Son iki yazımızı okuyanların malumudur, şu korona virüs nedeni ile gönüllü veya mecburi evlerimizdeyiz; bu zaman diliminde manevi zenginliği ve derinliği yaşamak için, halvet ve riyazete niyet etmeyi; halvet ve riyazete başlarken istiğfar ve tövbe’y esas merkeze almak gerektiğini yazmıştık.
Halvet ve riyazette mutad ibadetlerimizin yanında, evrâd’u ezkâr ve dua çok önemli yer tutar. İşte şimdi bunu yazdık. Hadi buyurun okuyalım çok uzun değil.
Tanımlar
Evrâd, sözlükte “gelmek, girmek, çeşmeye varmak, suya gelen topluluk, akan su ve dere” gibi mânâları olan ‘vird’ kelimesinin çoğuludur.
Dini literatürde evrad kelimesi zamanla, gece ve gündüzde, ibadete ayrılan vakit, Kur’ân’dan her bir cüz, her gün rutin olarak okunması görev hâline getirilen dua veya zikir gibi anlamlar için de kullanılır hâle gelmiştir.

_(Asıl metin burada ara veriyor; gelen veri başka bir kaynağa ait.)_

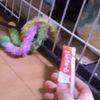 clipThumbnail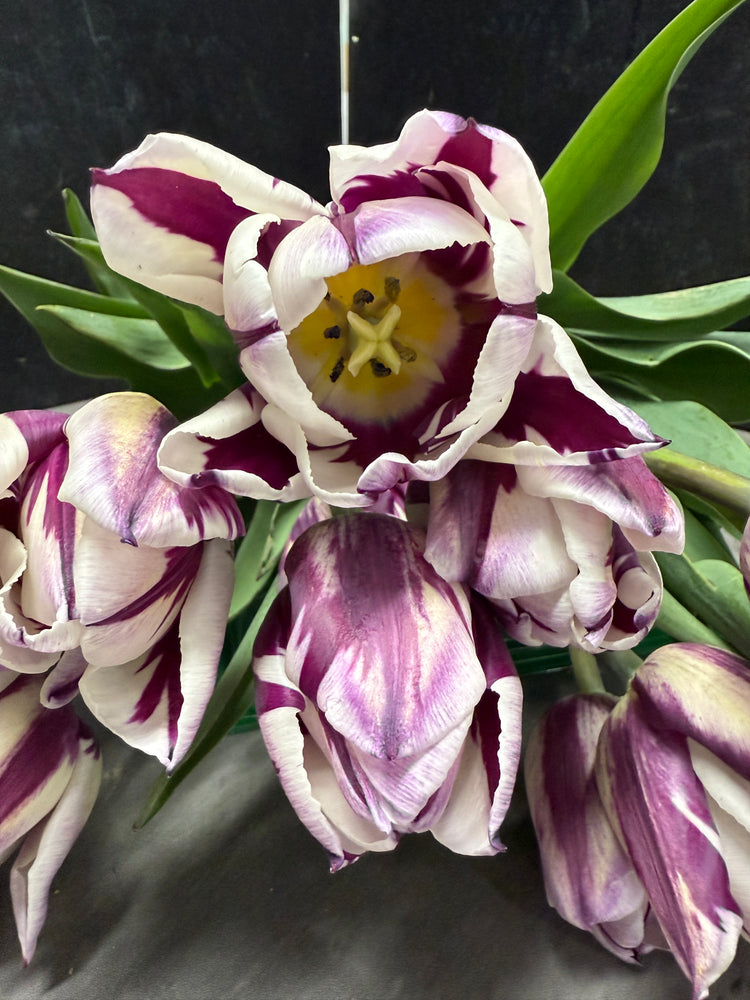 Tulip-Rem's Favorite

Gerçi Kur’ân-ı Kerîm’de günün değişik zamanlarında Allah’ı zikir ve tesbih emredilmekle beraber vird kelimesi bu anlamda kullanılmamıştır.
Tasavvufî kaynaklarda yer alan bilgilerden anlaşıldığına göre ilk sûfîler vird kelimesiyle her gün okudukları belli âyetleri kastetmişlerdir.
“Virdi olmayanın varidi olmaz” demişlerdir. Onun için Ataullah el-İskenderanî (709/1309) virdi; “Allah’ın kuldan istediği şey”, varidi ise”kulun Allah’tan beklediği şey” olarak tarif etmiştir.
Reklam
Ayrıca sufiyye, virdi, nâfile namaz kılma, belli dualar okuma, zikir ve tefekkür anlamında da kullanmışlardır (Kuşeyrî, s. 291, 298). Azîz Nesefî de tasavvufî hayatın sekiz edebini sayarken belli vakitlere tahsis edilen evrâd’u ezkârı ihmal etmemeyi özellikle tavsiye etmiştir (İnsân-ı Kâmil, s. 181)
Ezkâr, sözlükte “bir şeyi anmak, hatırlamak” anlamındaki ‘zikir’ kelimesinin çoğuludur. Dinî literatürde “Allah’ı anmak ve unutmamak suretiyle gafletten ve nisyandan kurtuluş” anlamında kullanılır.
Kur’an’da türevleriyle birlikte birçok âyette geçen zikir; Allah’ı dille hamd, tesbih ve tekbir şekliyle övmek; nimetlerini anmak, bunları kalple hissetmek ve tefekkür etmek; kulluğun gereklerini akıl, beden ve mal ile yerine getirmek; namaz kılmak, dua ve istiğfarda bulunmak, kevnî âyetler üzerinde düşünmek şeklindeki mânalarda kullanılmıştır.
Dua kelimesi, “çağırmak, seslenmek, istemek; yardım talep etmek” mânasına gelir.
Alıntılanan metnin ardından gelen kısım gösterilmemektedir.